Das war leichtes Spiel. "Wir hatten damals eine Kartei mit 7000 Adressen von Auftrittsmöglichkeiten in Deutschland." Bei 20 Auftritten im Monat kam ein mittelprächtiger Schlagersänger wie Peter Orloff schon auf eine stattliche Monatsgage von 10 000 Mark - in der damaligen Zeit eine enorme Summe für einen Mann, der als Sänger eher zweite Wahl war. "Es war für uns kein Problem, den Künstlern Auftritte zu verschaffen", erinnert sich Charly Gottschalk. Kein Wunder: Jede Dorfdisco war froh, eine Lena Valaitis oder einen Ricky Shane präsentieren zu können. "In den Tanzlokalen haben wir offene Türen eingerannt, die haben uns die Künstler aus der Hand gerissen."

Selbst die gerade abgerissene Wilstedter Mühle in Tangstedt machte keine Ausnahme: Ricky Shane ("Ich sprenge alle Ketten") musste mit drei Bodyguards zur Bühne begleitet werden und kam dort trotzdem mit zerfetztem Hand an. Waren das Zeiten.

Die Kiste mit den Erinnerungsbildern ist unerschöpflich.

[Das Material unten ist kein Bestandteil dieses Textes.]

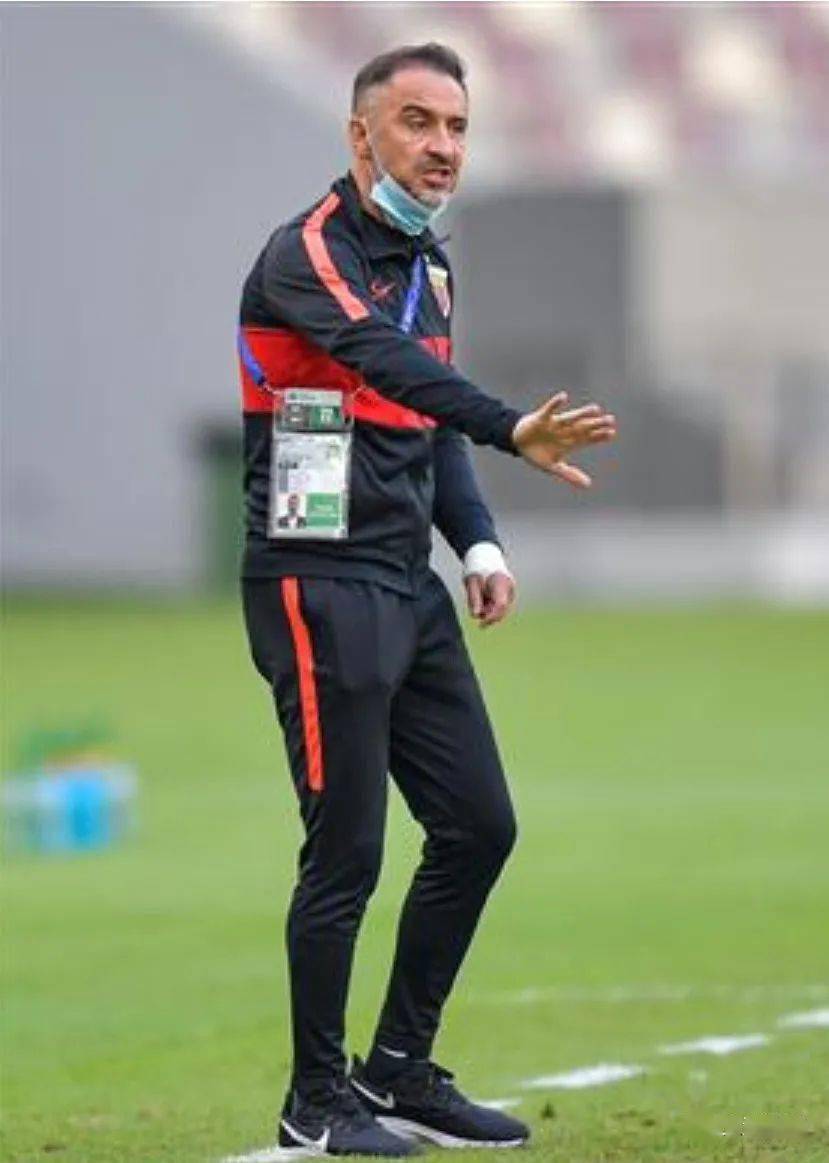 包含赛后NBA总决赛传出新动向,阿贾克斯内部沟通,管理层表态:气氛紧张,赛程密集仍需轮换的词条 包含赛后NBA总决赛传出新动向,阿贾克斯内部沟通,管理层表态:气氛紧张,赛程密集仍需轮换的词条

Zum Beispiel Michael Holm: Der wollte unbedingt aus seinem Vertrag entlassen werden, weil er mit "Mendocino" plötzlich zum deutsche Superstar geworden war, der viel höhere Gagen hätte verlangen können. Christel und Charly Gottschalk pochten aber auf ihren Vertrag - und Herr Holm erfüllte ihn zähneknirschend.

Wer erinnert sich heute noch an Bernd Spier? "Das kannst du mir nicht verbieten" hieß sein großer Hit 1963, danach folgten die Nummer-Eins-Hits "Memphis Tennessee" und "Das war mein schönster Tanz" - das war's. Viel mehr kam dann nicht, aber das Naher Ehepaar hatte ihn, wie übrigens auch Peter Petrel, exklusiv unter Vertrag. An ihn denken sie noch gerne zurück: "Seine Auftritte waren grandios, mit seiner Masche brachte er die Mädchen immer wieder zum Schwärmen." Was aus Bernd Spier geworden ist, lässt sich im Internet bei Wikipedia nachlesen. Er ist jetzt Immobilienmakler in Hessen - aber der Name des Managers ist dort auch vermerkt: Charly "Caputnic" Gottschalk.

Mit Howard Carpendale sind die Gottschalks zwar kegeln gegangen, ansonsten aber sind die Erinnerungen an ihn nicht so gut. Chris Roberts schneidet in der nachträglichen Bewertung um einiges besser ab. Marianne Rosenberg, Baccara, Bata Ilic, Peter Petrel und andere verdienten ihr Geld mit den umtriebigen Gottschalks, sie selbst allerdings wurden mit ihrer Geschäftsmasche nicht reich.

"Irgendwann haben wir gemerkt, dass sich die Schlagersänger goldene Schlösser bauen konnten, wir saßen aber immer noch in der Mietwohnung", sagt Christel Gottschalk. Denn der finanzielle Einsatz und der Arbeitsaufwand war im Vor-Computerzeitalter enorm: Berge von Prospekten und Briefen mussten verschickt werden, unzählige teure Telefonate geführt werden: Die Gottschalks sahen sich nach anderen Geschäftsideen um. Ein neuer Zweig war zum Beispiel das Managen von Radio-Moderatoren: Wolfgang Hahn, Günter Fink, Wolf Dieter Stubel, Gert Timmermann - auch dieses Geschäft lief prächtig, denn die Sprecher waren gefragte Gaststars in den Diskotheken.

Noch besser aber lief die eigene Vermarktung: Charly Caputnic war bald ein Begriff in Norddeutschland. Seine Shows in den Discos, bei Zelt- und Dorffesten waren legendär. Oft sorgte er zusammen mit einem anderen Naher für Stimmung: Der jetzige CDU-Kreisgeschäftsführer Uwe Voss, früher bekannt als Entertainer Vossi, und Charly waren ein unschlagbares Team, das die Massen zum Rasen brachte. Die "Rollende Disco", Veranstaltungen für die Industrie und vor allem der Verleih von Veranstaltungstechnik im großen Stile brachten den Gottschalks schließlich das nötige Geld, um in Nahe Hausbesitzer zu werden. Heute genießt Charly Gottschalk seinen Ruhestand, Ehefrau Christel hat im Lüttmoor neben der Naher Schule ein Fotostudio mit Drucksachenservice eröffnet. Das Schaufenster ist dekoriert mit eigenen Fotos von Schlagerstars: Nostalgie pur in Nahe.